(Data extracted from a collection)
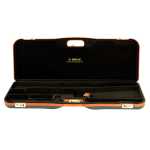 Sauer ABS case for 303- 202 short rifle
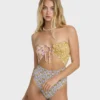 Soul Stoke Andrew One-Piece Swimsuit
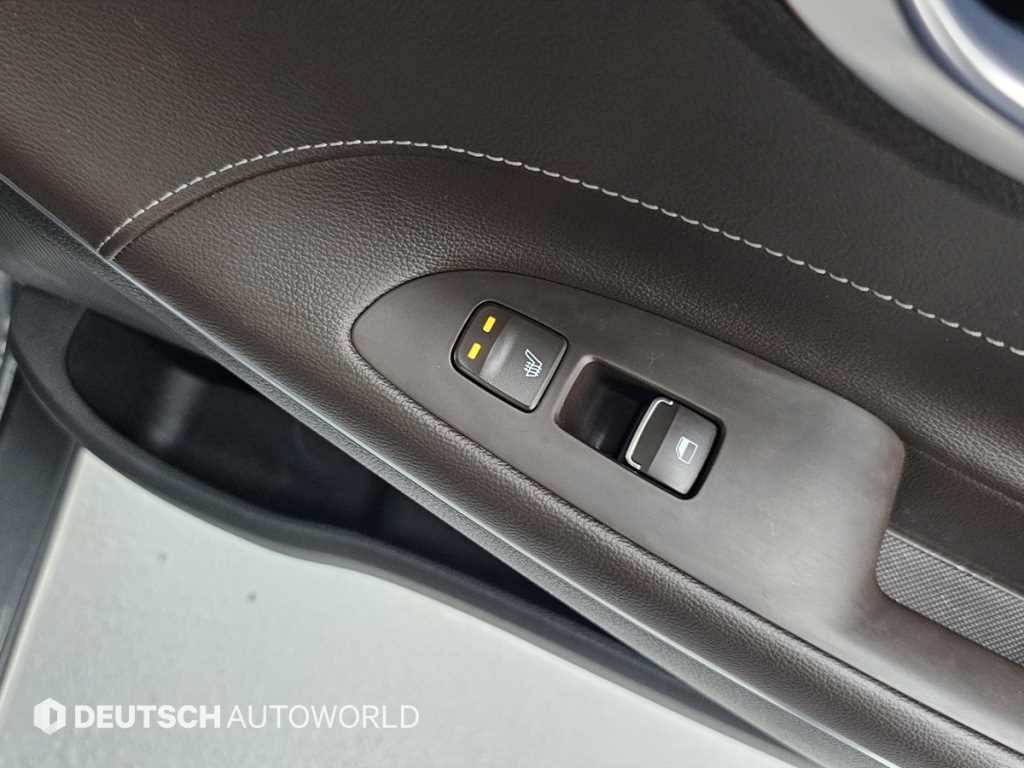 HYUNDAI Grandeur 2019 Gris - Importación desde Corea - HF Imports Iquique - Foto 16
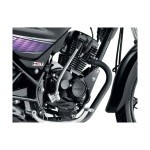 Honda Dream Neo Kick Alloy Engine View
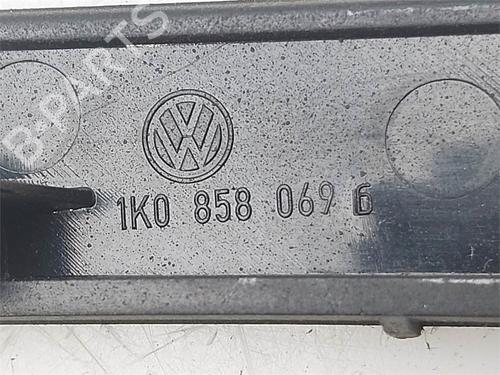 Middle console VW JETTA III (1K2) | BP38516641I22 - Image 2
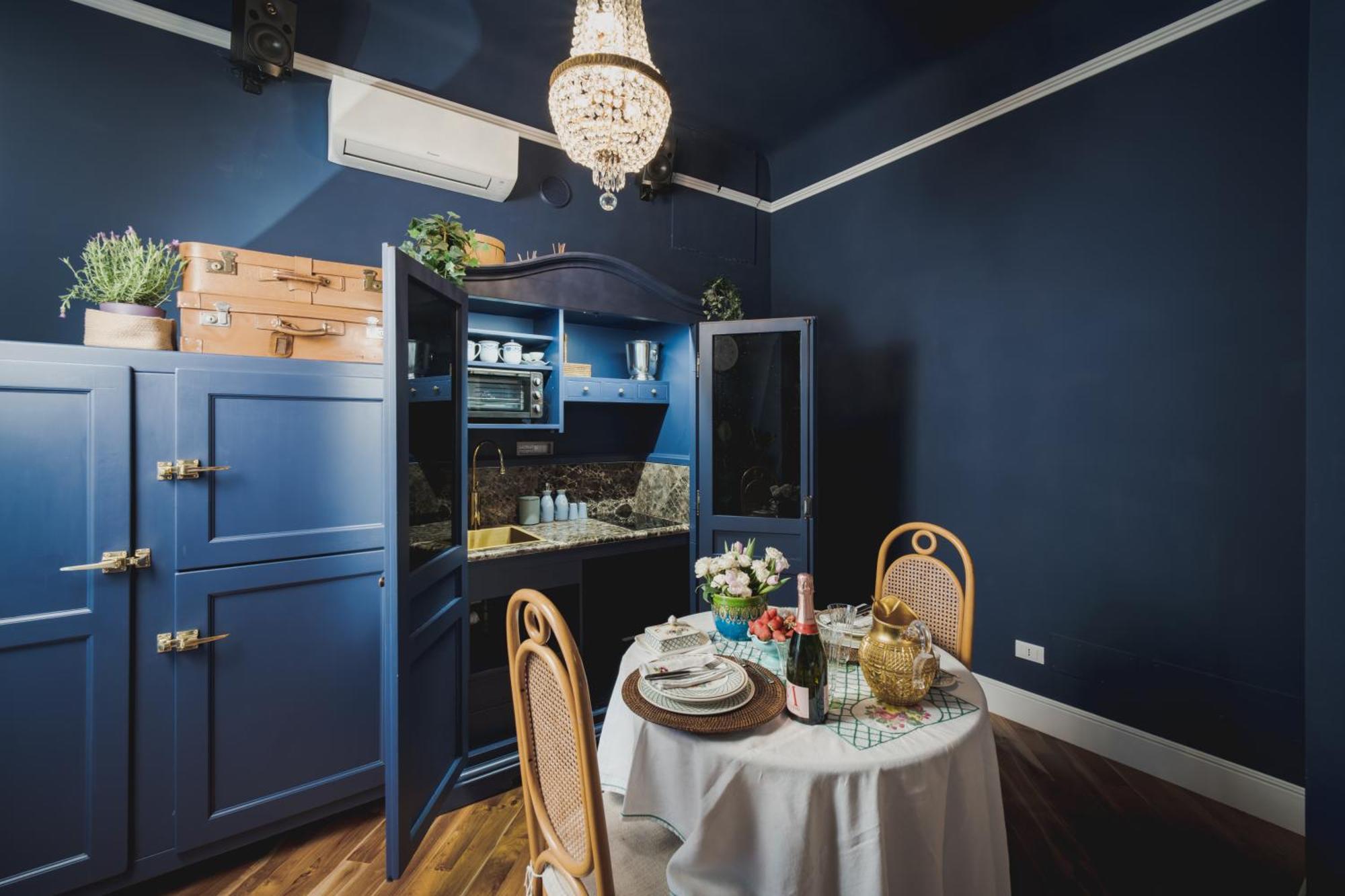 Apartamento Romantic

Exercise description: Hand back the records above exactly, leaving out every picture.

Answer space:
 Sauer ABS case for 303- 202 short rifle
 Soul Stoke Andrew One-Piece Swimsuit
 HYUNDAI Grandeur 2019 Gris - Importación desde Corea - HF Imports Iquique - Foto 16
 Honda Dream Neo Kick Alloy Engine View
 Middle console VW JETTA III (1K2) | BP38516641I22 - Image 2
 Apartamento Romantic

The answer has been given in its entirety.